Heroes sacrifice for their fatherland. No matter what happens, his honor is never tainted. It is the case of the scholar Phan Thanh Giản, signatory of the Franco-Vietnamese treaty of 1868. After having failed to put up with the French in the defense of the three western provinces of the Mekong delta (Vĩnh Long, An Giang and Hà Tiên) he chose to surrender and decided to poison himself in 1967 because he thought it was the only way to save the people and to show his fidelity to emperor Tự Ðức. The same, Nguyễn Tri Phương (1873), adversary of Francis Garnier and Hoàng Diệu (1882), adversary of Henri Rivière preferred suicide after having failed to defend Hànội city.

During the French occupation, sacrifice became the flame of hope lit by unknown people such as Nguyễn Trung Trực, Phạm Hồng Thái. The former accepted to die in the stead of his mother captured after having succeeded in blowing up the French « Espérance » on its passage on the « Nhựt Tảo » river in Long An while the latter, chased by the Chinese police in his escape, preferred to throw himself in the river after having failed to assassinate the French governor Merlin during his passage by Canton in 1924. Admiror of his courage and sacrifice for his fatherland, the governor of Canton later buried his remains in a cemetery solely reserved for the 72 Chinese heroes and known as « Hoàng Hoa Cương » in Vietnamese. 
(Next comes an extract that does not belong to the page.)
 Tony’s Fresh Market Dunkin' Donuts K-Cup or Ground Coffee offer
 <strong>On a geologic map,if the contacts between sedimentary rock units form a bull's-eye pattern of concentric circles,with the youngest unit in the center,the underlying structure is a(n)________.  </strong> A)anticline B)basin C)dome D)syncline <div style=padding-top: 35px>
If this sacrifice is not a vain word for men, it carries a particular meaning for the Vietnamese women. Princess Huyền Trân of the Trần dynasty was proposed to become in 1306 the wife of king Chế Mẫn (Jaya Simhavarman)  in exchange of the two territories of Champa Chau Ô and Châu Rí. She had to sacrifice her life, her love for reason of State.

The same, three centuries later, a princess of the Nguyễn dynasty, of the name Ngọc Vạn to whom the word « Cochinchina » or (Cô chín xin) was attributed, was not late in following Huyen Tran’s footsteps in becoming the concubine of Cambodian king Prea Chey Chetta II in 1618 in exchange of the facilities granted to Vietnamese in their settlement in the region Ðồng Nai Mô Xoài which is no other than the Saigon-Cholon region today.

Her presence on the Cham soil served as a pretext for lord Nguyễn Phúc Tần to launch an expedition and annex the last territory of Champa in 1651. One cannot blame the Cham for hating princess Ngoc Khoa at that time because of her, they have lost their homeland. But Ngọc Khoa illustrates for us Vietnamese the sublime sacrifice she consented for her country and her people.